▶ REQUIRED ACTION: Go through the following data and transcribe exactly the stretch of lines from the one holding "Mario Apartments Resita Eksteriør billede" to the one holding "Slide: The Image of Nitro Z18 2025 - 46", both included.

**** EXTRACTED ENTRIES

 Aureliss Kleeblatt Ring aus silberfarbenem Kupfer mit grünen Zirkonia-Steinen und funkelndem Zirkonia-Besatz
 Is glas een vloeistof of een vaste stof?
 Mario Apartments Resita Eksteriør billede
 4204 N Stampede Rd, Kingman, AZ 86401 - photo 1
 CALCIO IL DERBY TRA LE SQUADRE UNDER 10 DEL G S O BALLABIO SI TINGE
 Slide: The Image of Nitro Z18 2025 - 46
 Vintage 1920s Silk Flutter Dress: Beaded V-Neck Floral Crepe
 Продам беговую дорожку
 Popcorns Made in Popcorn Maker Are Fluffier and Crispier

********
**** EXTRACTED ENTRIES

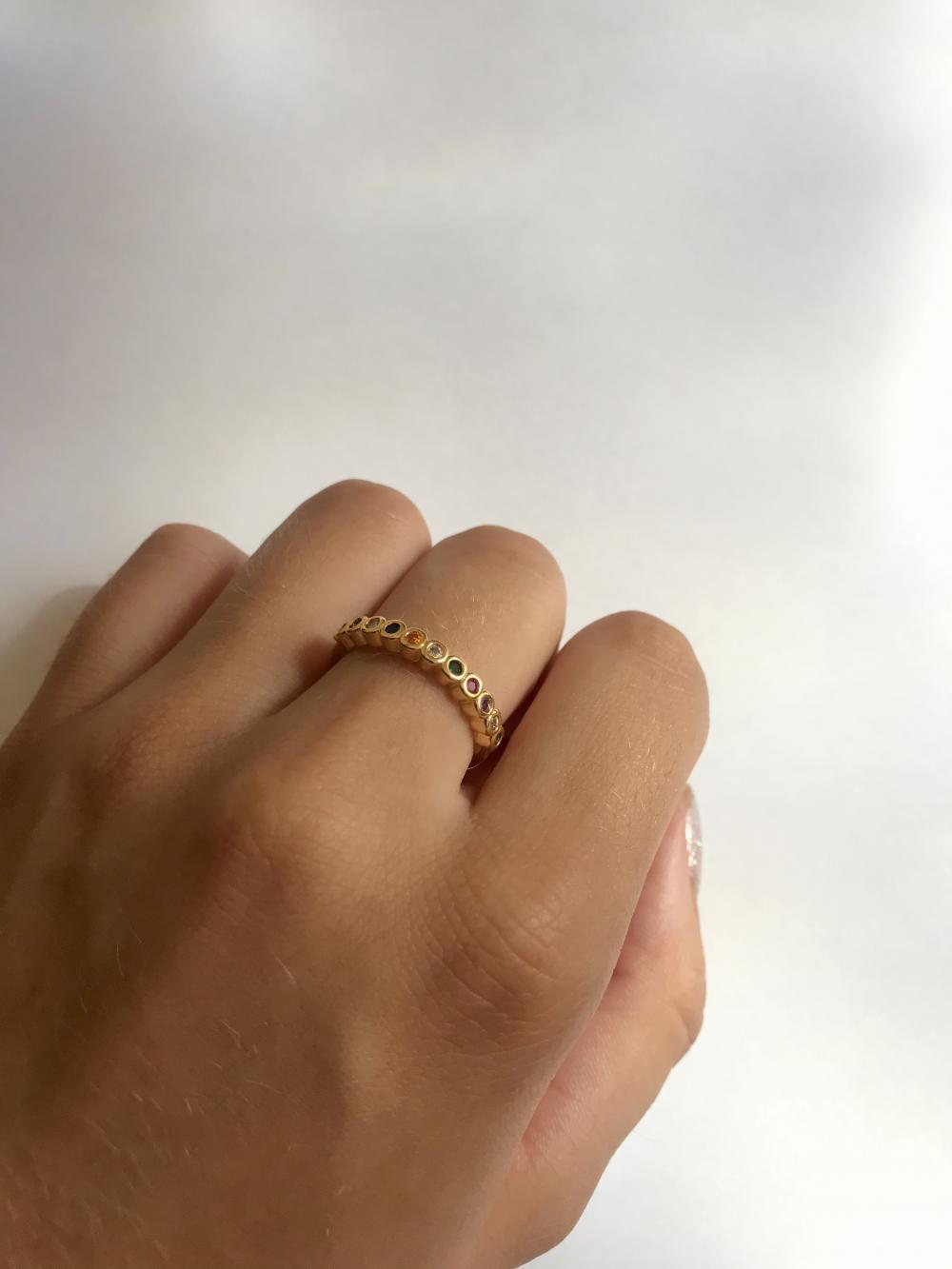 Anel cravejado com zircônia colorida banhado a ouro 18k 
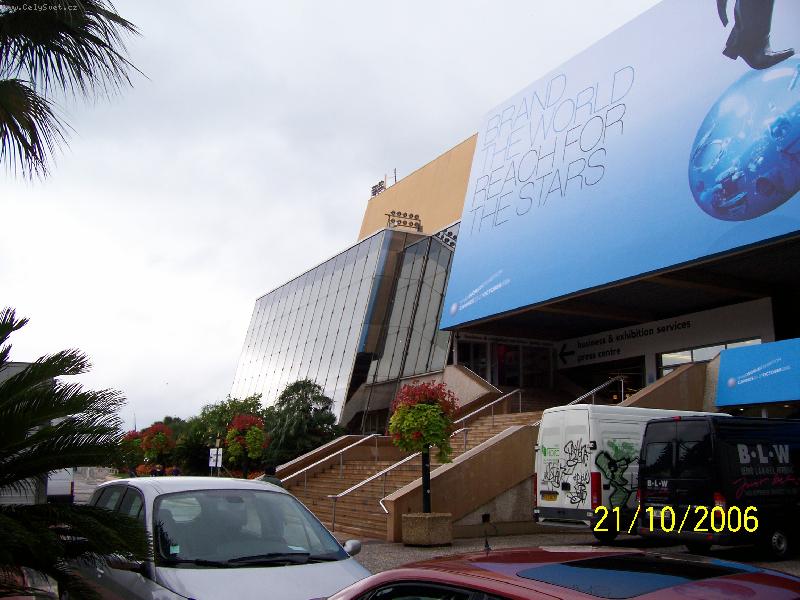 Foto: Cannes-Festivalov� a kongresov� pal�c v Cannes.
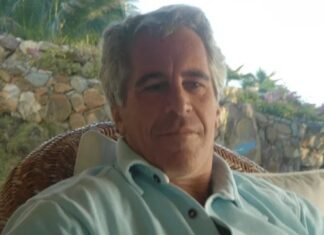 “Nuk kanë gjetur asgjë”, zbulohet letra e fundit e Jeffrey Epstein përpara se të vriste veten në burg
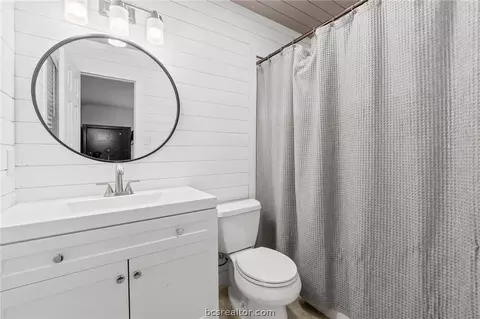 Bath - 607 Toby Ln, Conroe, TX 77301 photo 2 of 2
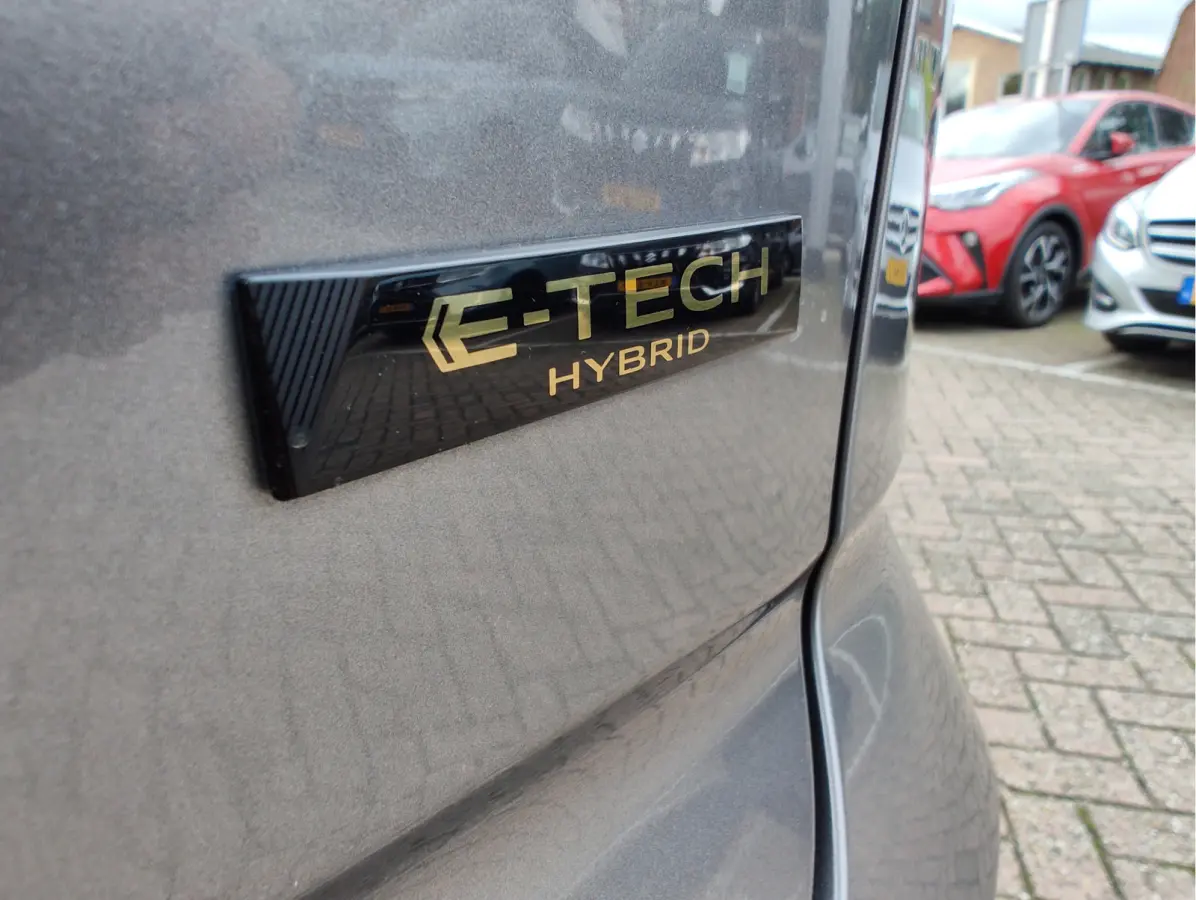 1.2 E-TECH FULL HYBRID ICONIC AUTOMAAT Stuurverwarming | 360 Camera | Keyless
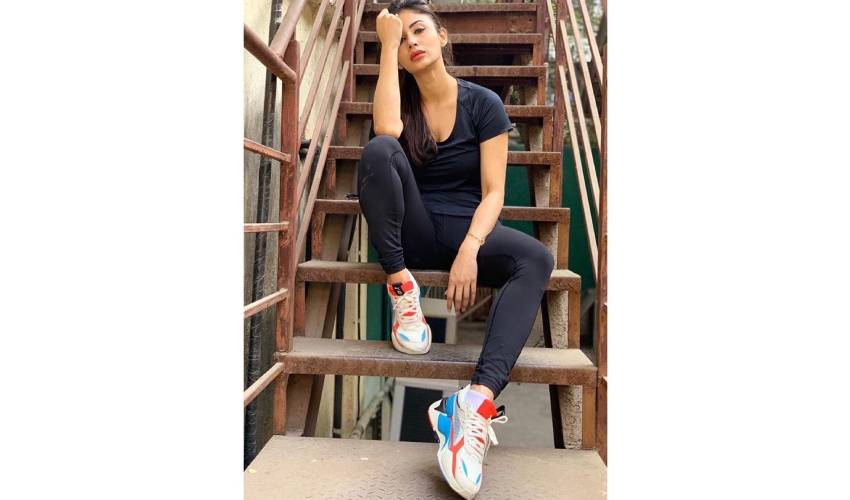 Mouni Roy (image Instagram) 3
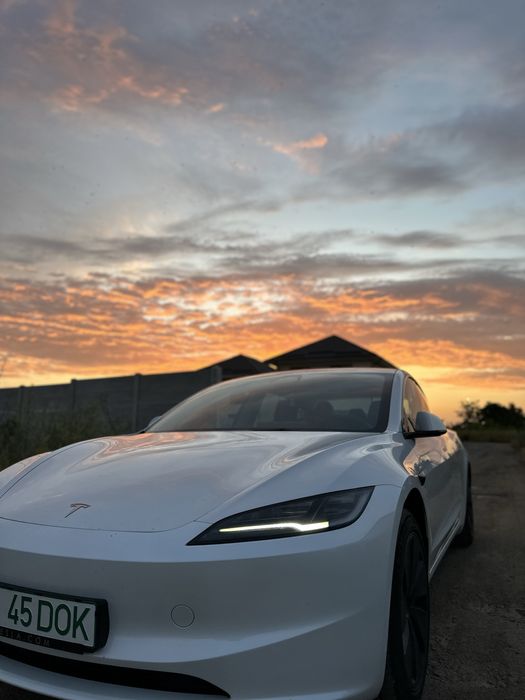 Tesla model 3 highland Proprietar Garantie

********
**** EXTRACTED ENTRIES

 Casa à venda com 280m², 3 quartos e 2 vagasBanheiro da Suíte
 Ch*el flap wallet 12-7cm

********

▶ RESULT OF THE EXERCISE:
 Mario Apartments Resita Eksteriør billede
 4204 N Stampede Rd, Kingman, AZ 86401 - photo 1
 CALCIO IL DERBY TRA LE SQUADRE UNDER 10 DEL G S O BALLABIO SI TINGE
 Slide: The Image of Nitro Z18 2025 - 46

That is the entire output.